‘Julieta’ Review: A Subdued Pedro Almodovar Is Still Weird Enough

At a Cannes Film Festival full of the kind of transgressive filmmaking he pioneered, Almodóvar has gotten downright decorous

Julieta

Pedro Almodóvar should fit right in at this year’s Cannes Film Festival, which was full of films that went over the top and deal with transgressive topics and lots of sex. After all, the Spanish director has been doing that kind of thing for decades.
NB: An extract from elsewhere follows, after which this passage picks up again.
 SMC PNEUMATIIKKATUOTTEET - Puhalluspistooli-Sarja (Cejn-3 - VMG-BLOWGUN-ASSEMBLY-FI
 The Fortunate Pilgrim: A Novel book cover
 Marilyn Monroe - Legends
Almodóvar 20th film, “Julieta,” is inspired by three short stories from the Alice Munro book “Runaway.” And perhaps surprisingly, it didn’t really fit with this year’s lurid Cannes titles like “Slack Bay,” “The Handmaiden,” “Staying Vertical” and “American Honey” — by comparison with those films, Almodóvar has relinquished his role as the prince of transgression to get downright decorous.
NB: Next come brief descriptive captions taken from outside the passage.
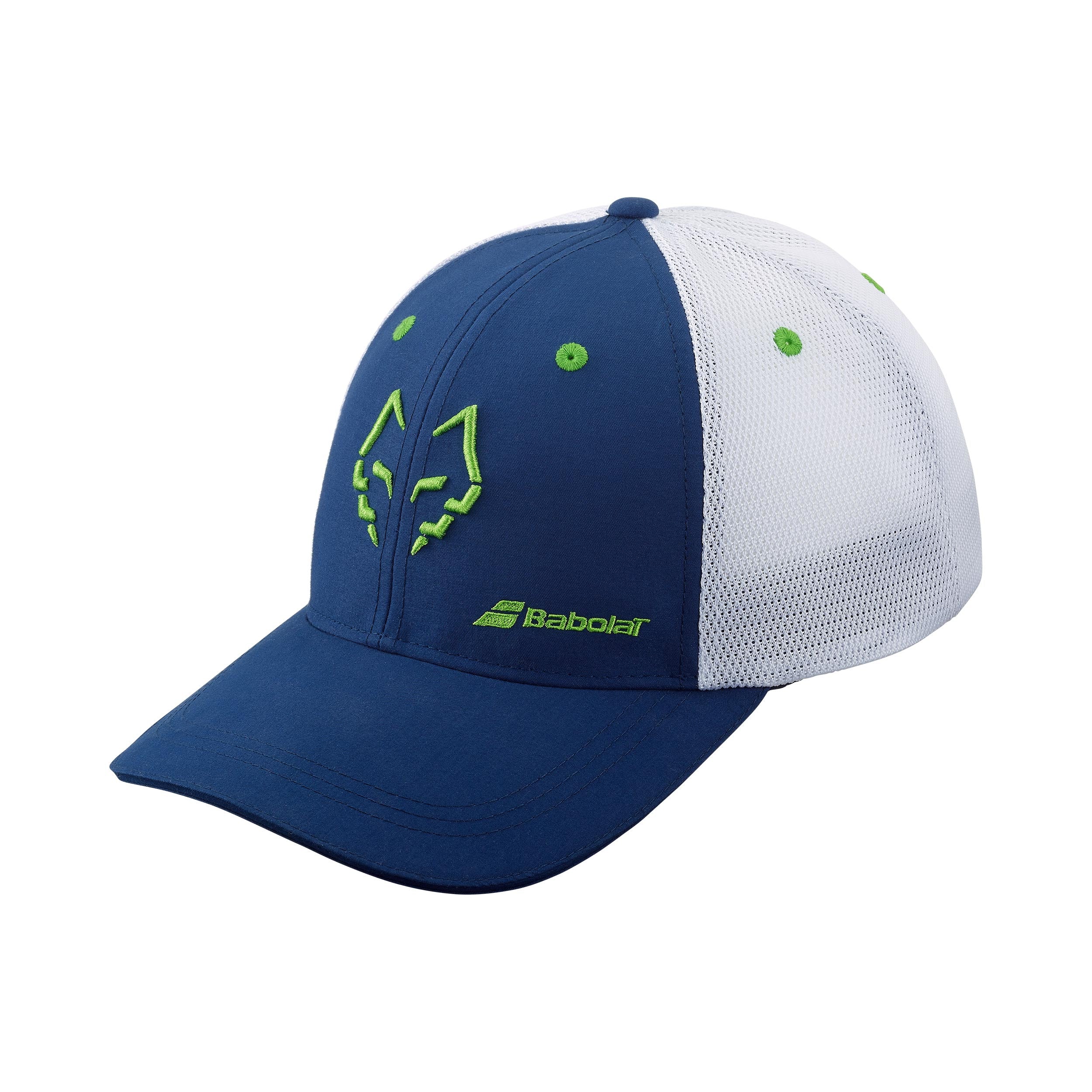 Babolat Trucker Lebron Keps Unisex-blå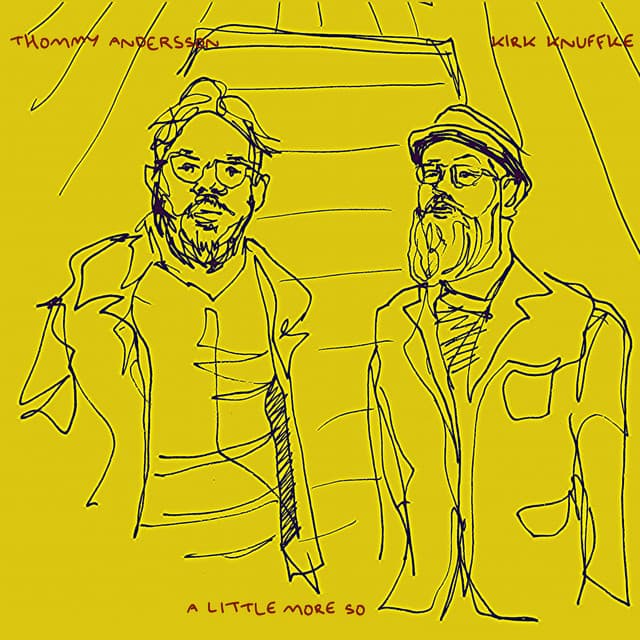 A little more so - Thommy Andersson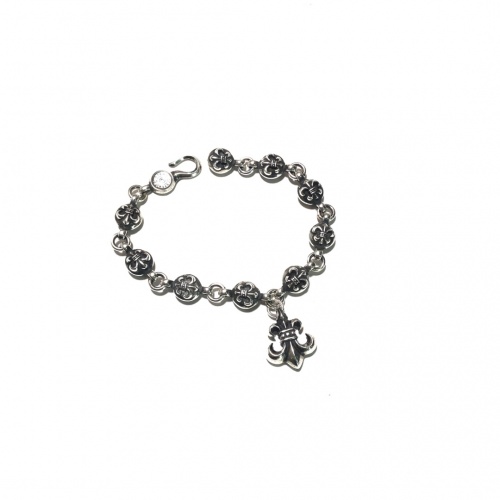 Replica Chrome Hearts Bracelet #1023240 $48.00 USD for Wholesale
That’s not necessarily a bad thing, and a subdued Almodóvar is still a far sight weirder and more intriguing than most directors.

“Julieta” is Almodóvar in a languid, contemplative mood; it’s a meditation on parenthood and guilt that has the beauty of much of the director’s past work without the energy that sometimes highlighted his work and occasionally threatened to capsize it.
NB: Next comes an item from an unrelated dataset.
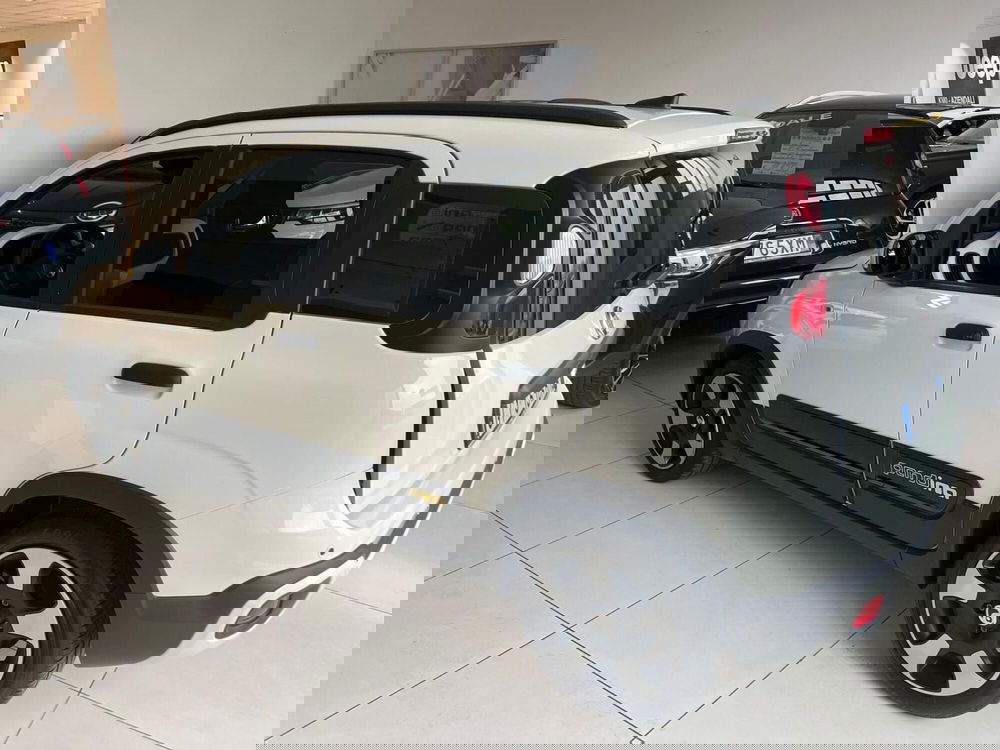 Fiat Panda Cross usata a Milano (5)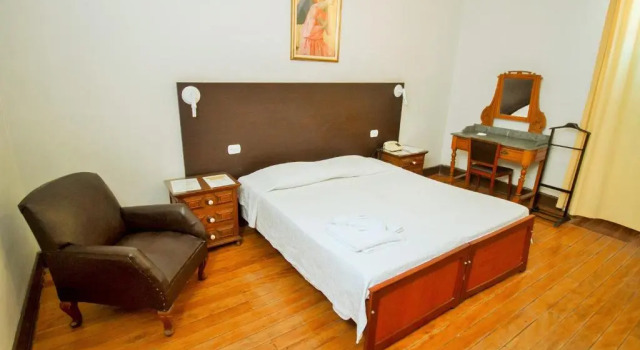 Номер Standard Palace Hotel de Caxambu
The film also came to Cannes as something of an oddity, because it arrived as a known quantity. While the vast majority of films that play the festival are making their world premieres here, Cannes allows films that have already screened in their home country to also play the festival.

Almodóvar’s film opened in Spain in April, where it drew mixed but largely positive reviews and a smaller box-office opening than the majority of the director’s films.

Originally planning to make the film in English with Meryl Streep in the lead role, Almodóvar eventually scrapped that idea and cast Spanish actresses Emma Suarez and Adriana Ugarte. The film deals with a woman who is trying to track down her daughter, who she hasn’t seen since the girl entered a spiritual retreat and then disappeared from her mother’s life while a teenager.

The movie and the characters are haunted by loss, but the film is floats on reminiscence and reverie; Alberto Iglesias’ music, jazzy and noir in a very Bernard Hermann-doing-Hitchcock way, tells us that things important and mysterious are taking place, but Almodóvar sticks to hints and allusions, not answers.

With its focus on a couple of female characters, the film is something of a return to the “cinema of women” that produced such Almodóvar classics as “Women on the Verge of a Nervous Breakdown” and “All About My Mother,” but in a lower key.

It is also visually rapturous, as is most of the director’s work. From the opening shot of a red curtain that turns out to be a woman’s blouse, there’s hardly a scene without a splash of vivid red in it; a couple of times a character describes the surroundings as “a real mess,” but Almodóvar creates impeccable messes in which memories dwell.

Though he’s been making movies since 1980, Almodóvar is a recent Cannes regular. 1999’s “All About My Mother” was the first of his films to premiere at the festival, followed by “Bad Education” in 2004, “Volver” in 2006, “Broken Embraces” in 2009 and “The Skin I Live In” in 2011; the last four were in the Cannes main competition.

That’s a significant lineup of recent work that includes some of Almodóvar’s best films of the last two decades. Does “Julieta” belong in their company? Perhaps not, but it’s a worthy part of a canon in which decorous should never be confused with dull.